Research output: Contribution to journalArticlepeer-review

6 Scopus citations


ABT‐418 was functionally characterized as a neuronal nicotinic acetylcholine receptor (nAChR) channel agonist using preparations that contain nAChRs characteristic of the ganglionic subtypes. In PC12 cells, ABT‐418, like (−)nicotine, activated an inward current that decayed within seconds in the continued presence of agonist. ABT‐418 was 4‐fold less potent than (−)nicotine (EC50 = 214 ± 30 μM and 52 ± 4 μM, respectively) while the efficacy of ABT‐418 was not significantly different from (−)nicotine when the peak response amplitude was measured. Responses to 300 μM ABT‐418 were reversibly inhibited 81 ± 3% by 10 μM mecamylamine, 38 ± 1% by 10 μM dihydro‐β‐erythroidine, and 82 ± 2% by 100 μM dihydro‐β‐erythroidine. These nAChR antagonists affected the response to (−)nicotine similarly.
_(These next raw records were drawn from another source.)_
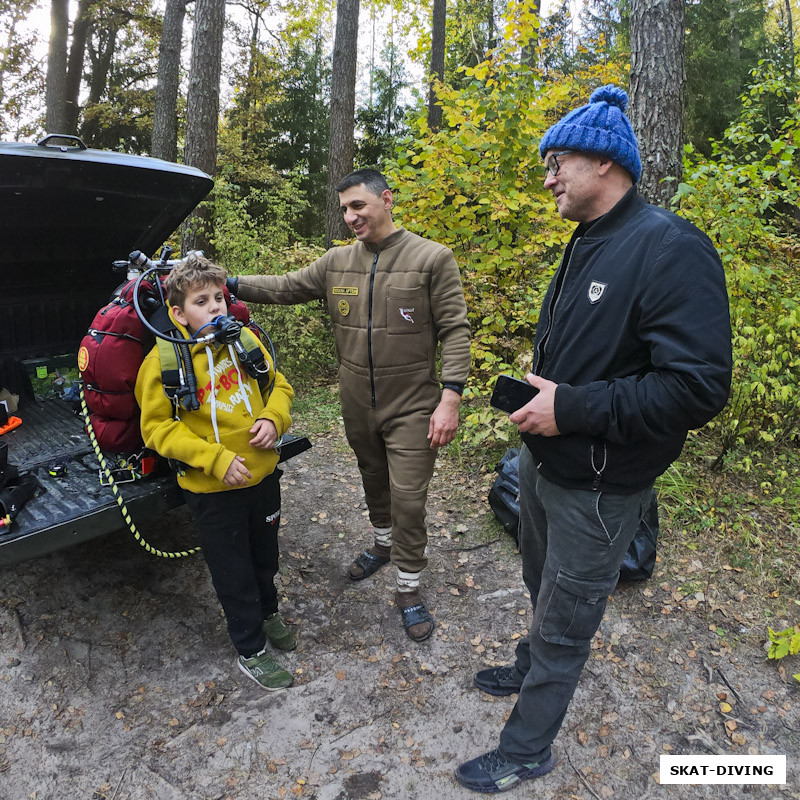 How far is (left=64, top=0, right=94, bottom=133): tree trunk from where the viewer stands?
14.1m

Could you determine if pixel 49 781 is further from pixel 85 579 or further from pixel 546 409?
pixel 546 409

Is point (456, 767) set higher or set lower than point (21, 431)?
lower

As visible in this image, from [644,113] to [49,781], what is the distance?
5.48 meters

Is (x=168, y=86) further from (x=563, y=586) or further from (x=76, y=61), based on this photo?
(x=563, y=586)

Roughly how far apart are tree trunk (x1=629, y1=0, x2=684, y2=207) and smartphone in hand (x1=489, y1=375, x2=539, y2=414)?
3.36 metres

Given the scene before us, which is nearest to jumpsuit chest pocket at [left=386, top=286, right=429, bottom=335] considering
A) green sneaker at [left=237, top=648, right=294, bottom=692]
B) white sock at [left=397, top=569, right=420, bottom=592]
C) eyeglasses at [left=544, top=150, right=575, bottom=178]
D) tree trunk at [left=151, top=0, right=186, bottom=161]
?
eyeglasses at [left=544, top=150, right=575, bottom=178]

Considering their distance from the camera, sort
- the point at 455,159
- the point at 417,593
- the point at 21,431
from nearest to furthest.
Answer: the point at 417,593, the point at 21,431, the point at 455,159

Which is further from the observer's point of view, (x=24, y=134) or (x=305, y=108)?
(x=24, y=134)

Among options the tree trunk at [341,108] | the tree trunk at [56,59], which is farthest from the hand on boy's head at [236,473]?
the tree trunk at [56,59]

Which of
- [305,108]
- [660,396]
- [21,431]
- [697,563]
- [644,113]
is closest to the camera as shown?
[660,396]

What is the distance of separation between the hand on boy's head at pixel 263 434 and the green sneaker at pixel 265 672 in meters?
1.06

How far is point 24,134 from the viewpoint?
16.1 meters

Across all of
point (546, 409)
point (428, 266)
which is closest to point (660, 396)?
point (546, 409)

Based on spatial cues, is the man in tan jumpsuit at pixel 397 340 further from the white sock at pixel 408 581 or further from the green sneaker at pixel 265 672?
the green sneaker at pixel 265 672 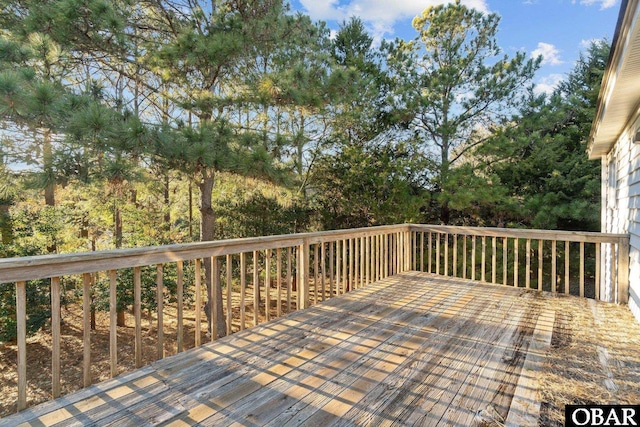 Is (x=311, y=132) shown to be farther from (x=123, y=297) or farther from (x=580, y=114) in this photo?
(x=580, y=114)

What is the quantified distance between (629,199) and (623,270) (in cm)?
81

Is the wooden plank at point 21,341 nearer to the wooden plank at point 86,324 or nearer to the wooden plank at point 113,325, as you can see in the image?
the wooden plank at point 86,324

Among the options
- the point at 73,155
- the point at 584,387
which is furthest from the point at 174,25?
the point at 584,387

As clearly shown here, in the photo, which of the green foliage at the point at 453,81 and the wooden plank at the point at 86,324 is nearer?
the wooden plank at the point at 86,324

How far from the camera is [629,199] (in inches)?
150

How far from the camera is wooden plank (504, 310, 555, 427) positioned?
1.73 metres

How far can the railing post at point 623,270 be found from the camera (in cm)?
376

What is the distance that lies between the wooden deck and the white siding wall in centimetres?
105

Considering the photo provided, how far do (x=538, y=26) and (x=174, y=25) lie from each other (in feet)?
29.9

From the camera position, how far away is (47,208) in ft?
27.1

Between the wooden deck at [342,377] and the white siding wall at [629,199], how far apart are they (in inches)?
41.3

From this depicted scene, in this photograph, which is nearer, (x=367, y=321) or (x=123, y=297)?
(x=367, y=321)

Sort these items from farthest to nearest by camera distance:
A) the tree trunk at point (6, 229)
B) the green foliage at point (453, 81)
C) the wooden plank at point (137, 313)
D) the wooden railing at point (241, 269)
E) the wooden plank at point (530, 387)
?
the green foliage at point (453, 81) < the tree trunk at point (6, 229) < the wooden plank at point (137, 313) < the wooden railing at point (241, 269) < the wooden plank at point (530, 387)

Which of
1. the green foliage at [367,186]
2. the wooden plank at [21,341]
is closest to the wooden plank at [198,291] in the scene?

Furthermore, responses to maximal concentrations of ABT‐418 (3 mM) and (−)nicotine (1 mM) were not additive, consistent with ABT‐418 and (−)nicotine acting through the same receptor(s). However, the Hill coefficient for ABT‐418 (1.18 ± 0.20) was smaller than that for (−)nicotine (1.77 ± 0.18), and high concentrations of ABT‐418 appeared to elicit a more rapidly decaying response than did (−)nicotine. In the rat superior cervical sympathetic ganglion also, ABT‐418 was 2.5‐fold less potent than (−)nicotine in blocking nicotinic transmission, presumably through nicotinic receptor desensitization. These studies provide the most direct evidence that ABT‐418 activates nicotinic cholinergic channels, and suggest that ABT‐418 would have reduced potency compared to (−)nicotine in peripheral ganglia, consistent with the reduced side effect liability of this novel nAChR agonist. © Wiley‐Liss, Inc.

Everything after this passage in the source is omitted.